Following is an estimated monthly budget of basic necessities for a single mother of one primary school child.

MONTHLY LIST

Product/Service

PRICE

Rent

30,000

Kerosene (not cooking gas)

  2,500

Electricity (assumes no washing machine, microwave or toaster)

  5,000

Milk

  5,000

Rice

  1,000

Sugar

     400

Tea/coffee/chocolate

  1,500

Transportation (for mother only on Kitty/Campbelville route)

  1,200

Bread

  1,120

Butter/Cheese

     600

Cooking Oil

  1,600

Chicken

  1,200

Fish

     900

Potable water

  1,000

Vegetables

  2,100

Seasoning

     500

Processed Seasoning

     500

Salt

     300

Fruits

  1,500

Detergent

 1,000

Soap (Kitchen)

     720

Deodorants

     600

Sanitary Pads

  1,520

Panty Liners

     700

Toothpaste

     780

Bath Soap

     400

Toilet Tissue

     960

TOTAL:

64,600

Rohee urged critics of government’s wages and salaries to not only consider what the Treasury could afford but also the fact that government has been “investing heavily” inj housing, water, free school uniforms, education and public health.

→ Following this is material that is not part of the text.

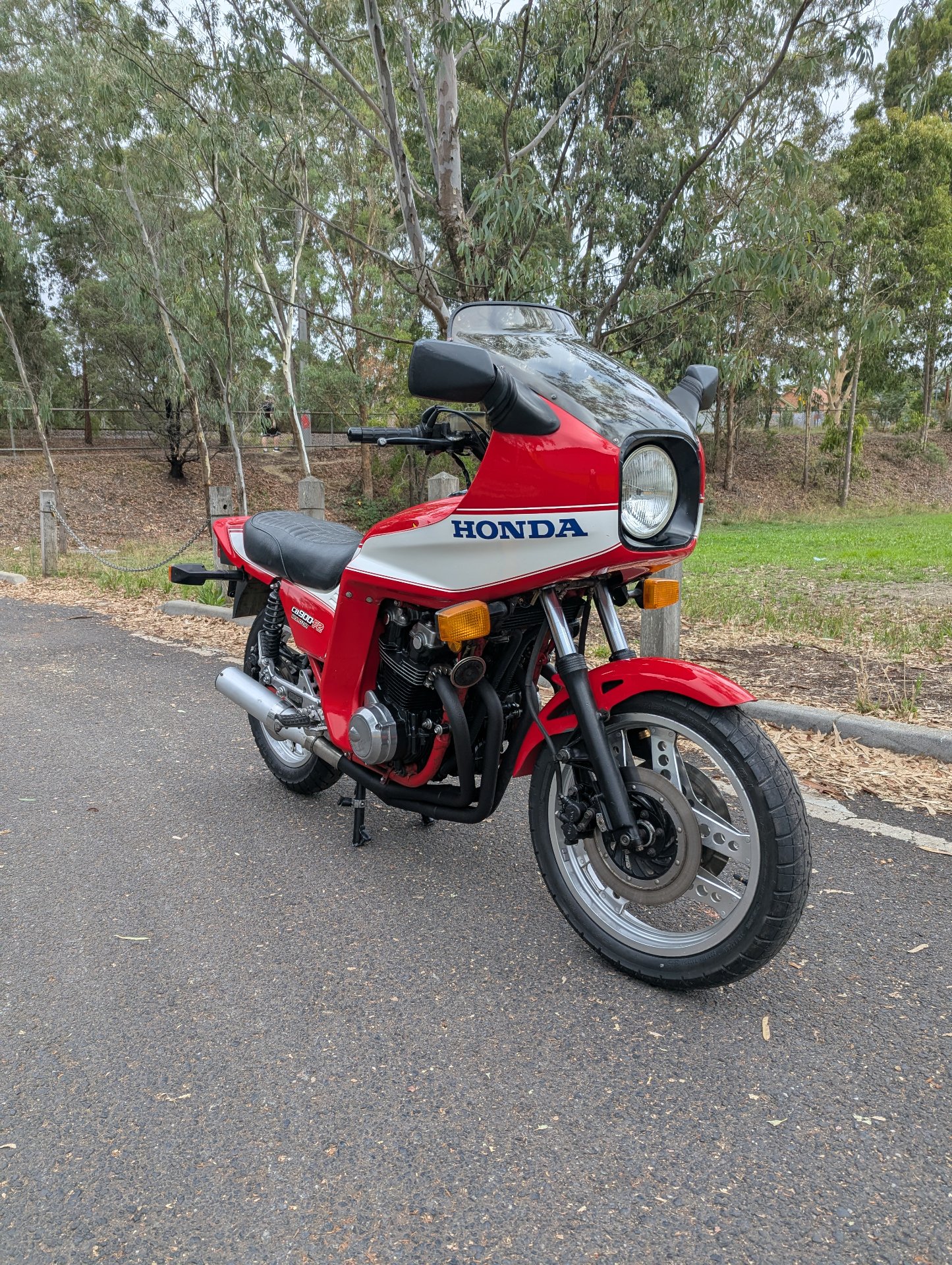 1982 HONDA CB900F ROAD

“All those things government is investing heavily in to help to offset what a wage and a salary would have had to buy if all of these things were privatised or were in private hands so we cannot look only at wages and salaries in isolation,” Among the PPP’s much vaunted successes is its housing programme that it says has resulted in 130,000 persons owning their own homes. Looking outside the public service, Nadir credited government’s training of out of school youth in skills so that they could earn more than a living wage. He referred to the more 900 trained heavy duty equipment operators, many of whom earn several times more than the minimum wage on the coast and in the interior

The former PPPC-led government minister recalled that while the 2009 Arbitration had awarded public servants a 33 percent increase, the real value of all wages and salaries was eroded by 18 percent due to the devaluation of the Guyana dollar.

NB: This list does not include costs for Internet, sports/leisure, school supplies and other educational material or transportation for the child to go to school.